[WHAT YOU WILL DO]: Quote, word for word, only the lines running from the line with "Title: The Black" through the end of the listing. Leave out the pictures.

[PROVIDED ENTRIES]:
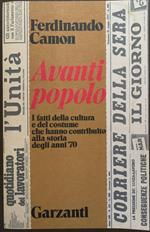 Avanti popolo. I fatti della cultura e del costume che hanno contribuito alla storia degli anni '70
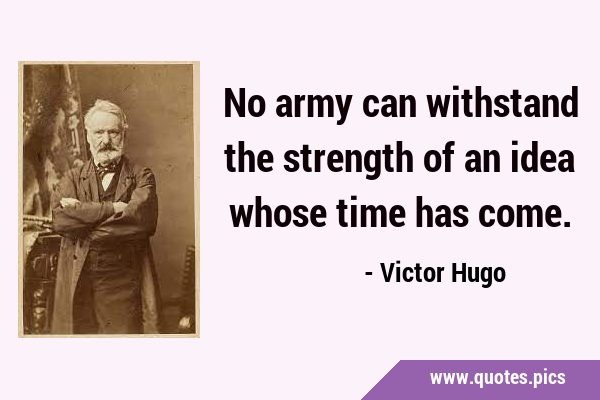 No army can withstand the strength of an idea whose time has …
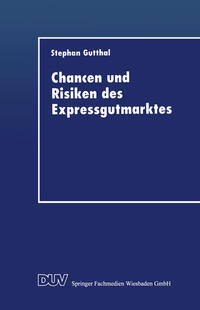 Vorderes Coverbild Chancen und Risiken des Expressgutmarktes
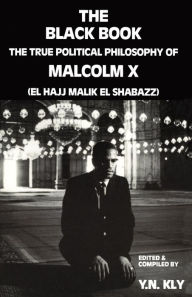 Title: The Black Book; The True Political Philosophy of Malcolm X (El Hajj Malik El Shabazz), Author: Yussef Nalm Kly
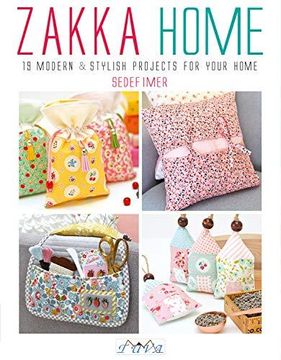 portada Zakka Home: 19 Modern & Stylish Projects for Your Home (en Inglés)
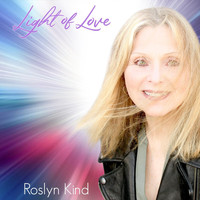 Roslyn Kind - Light of Love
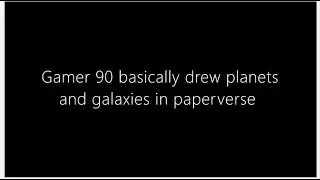 Gamer 90 Basically drew planets and galaxies in paperverse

[OUTPUT BELOW]:
 Title: The Black Book; The True Political Philosophy of Malcolm X (El Hajj Malik El Shabazz), Author: Yussef Nalm Kly
 portada Zakka Home: 19 Modern & Stylish Projects for Your Home (en Inglés)
 Roslyn Kind - Light of Love
 Gamer 90 Basically drew planets and galaxies in paperverse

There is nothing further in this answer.